If anybody can help me out please give some input.

Thanks.
Chris


----------



## rainbrunn5 (Oct 20, 2008)

haven't done any designs on magento yet, but this guide might help you.

Magento - Designer's Guide to Magento - Open Source eCommerce Evolved


----------



## pwapparel (Feb 16, 2007)

Magento is a completely different beast when it comes to OpenSource carts. There is so much that it can do, but it definitely has a HUGE learning curve.

It would probably be best to pay someone to design it for you.


----------



## lindsayanng (Oct 3, 2008)

magento is also not quite as stable as the other carts because its fairly new.. working with the design of any opensource cart isnt technically "skinning" because you actually alter the code and create your own look from scratch basically.. Its not like a wordpress blog where you just upload a folder and click APPLY THEME.. you have to create your own look.


----------



## MentinkiZM (Apr 16, 2008)

lindsayanng said:


> magento is also not quite as stable as the other carts because its fairly new.. working with the design of any opensource cart isnt technically "skinning" because you actually alter the code and create your own look from scratch basically.. Its not like a wordpress blog where you just upload a folder and click APPLY THEME.. you have to create your own look.

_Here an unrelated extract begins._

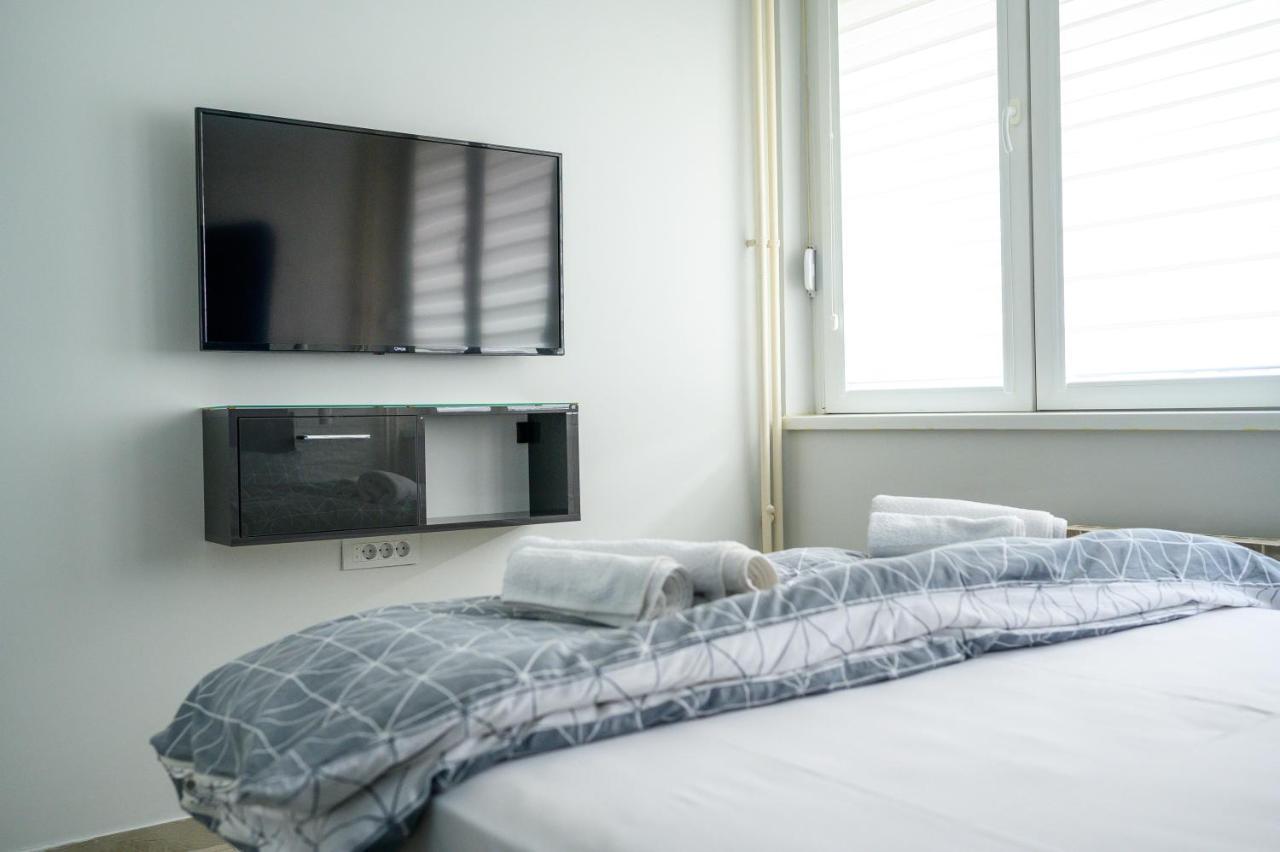 Spa Apartman Grand Nis Ngoại thất bức ảnh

Actually most open source carts besides OSCommerce and a few others do offer a template system. Drupal, ZenCart, Cubecart, Mombo, all those opensource systems are either carts themselves or can have carts and they have a "drag and drop" skin/template system. Magento does have a skin system, but your right about having to still code. There skin system is unique and rather hard to use, but once you get it, it is very powerfull.



90chevytruck said:


> Has anybody successfully opened up a site using Magento Shopping Cart?
> 
> I really like all of its features and is perfect for me.
> 
> ...


I am about to release a website that my team designed in Magento. This will give you an idea of how you can use it and what can be done. If your looking for functions of the cart itself they do have TONS of addonds in their forums, most of which will have to be hard coded (editing the actual cart files) but once you do a few you will get it easy. The skin system is a bit overwhelming at first glance, but once you start getting it you will notice how easy it can be. I would be willing to help you with some small stuff like placement of a objects and things like that, but because we, like you, are new to magento because magento itself is rather new, we can only help with what we know so far as well. 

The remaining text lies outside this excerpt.